◆ Exercise
Could you set down exactly the lines of the data below, starting at the one that holds "aquarium plant 11" and ending at the one that holds "Schermo per Huawei", both included, and only those?
*** Supplied information Section Begins ***
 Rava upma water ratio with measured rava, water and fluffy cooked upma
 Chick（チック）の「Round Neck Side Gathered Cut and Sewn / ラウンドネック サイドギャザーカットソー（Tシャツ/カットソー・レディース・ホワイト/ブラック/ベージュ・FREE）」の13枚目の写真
*** Supplied information Section Ends ***
*** Supplied information Section Begins ***
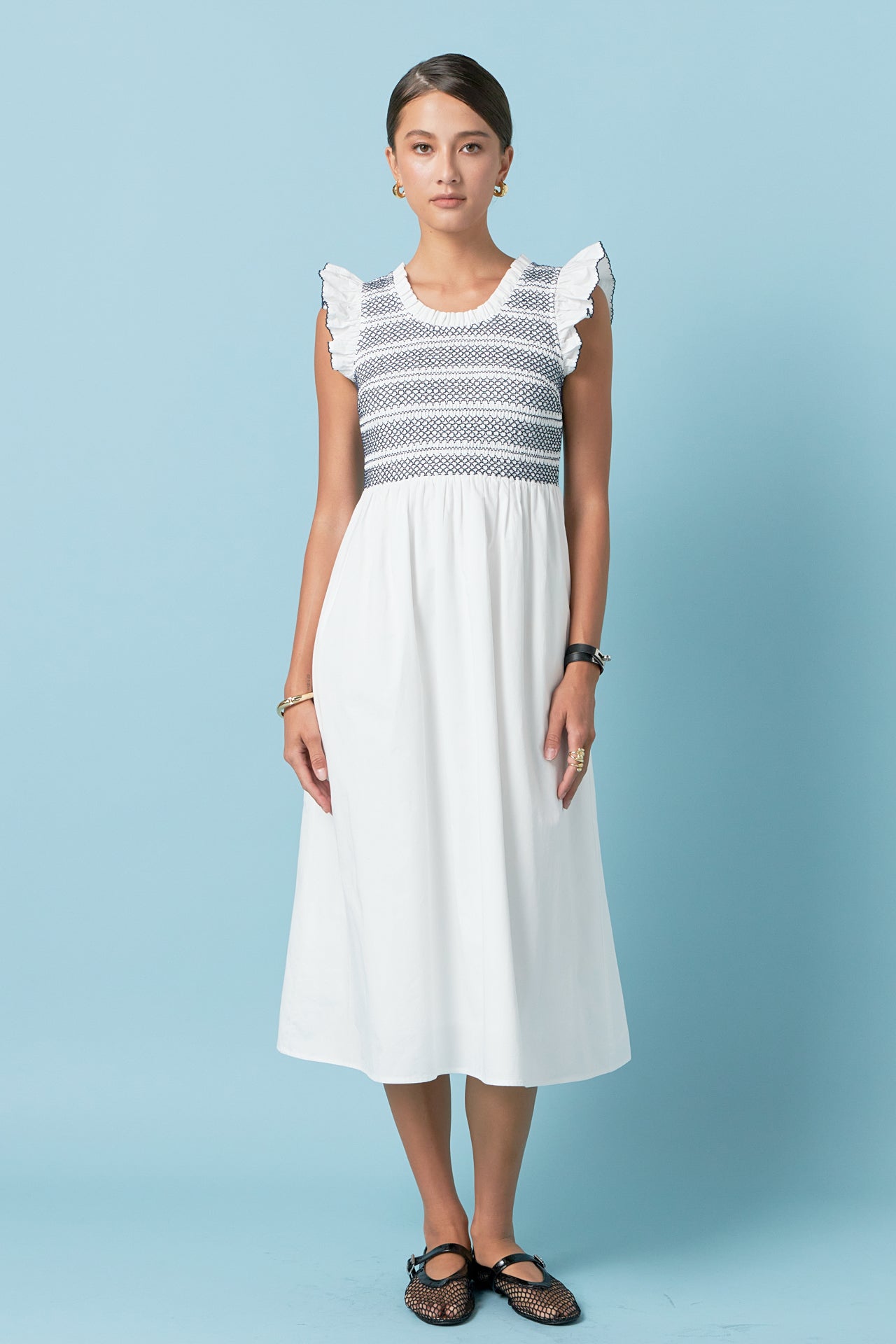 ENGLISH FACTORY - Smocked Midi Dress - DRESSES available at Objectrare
*** Supplied information Section Ends ***
*** Supplied information Section Begins ***
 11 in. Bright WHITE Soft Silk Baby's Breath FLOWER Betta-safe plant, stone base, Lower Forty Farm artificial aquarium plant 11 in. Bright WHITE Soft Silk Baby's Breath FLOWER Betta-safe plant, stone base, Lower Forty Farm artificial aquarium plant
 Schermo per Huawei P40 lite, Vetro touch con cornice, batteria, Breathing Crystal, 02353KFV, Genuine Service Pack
*** Supplied information Section Ends ***
◆ Response box
 11 in. Bright WHITE Soft Silk Baby's Breath FLOWER Betta-safe plant, stone base, Lower Forty Farm artificial aquarium plant 11 in. Bright WHITE Soft Silk Baby's Breath FLOWER Betta-safe plant, stone base, Lower Forty Farm artificial aquarium plant
 Schermo per Huawei P40 lite, Vetro touch con cornice, batteria, Breathing Crystal, 02353KFV, Genuine Service Pack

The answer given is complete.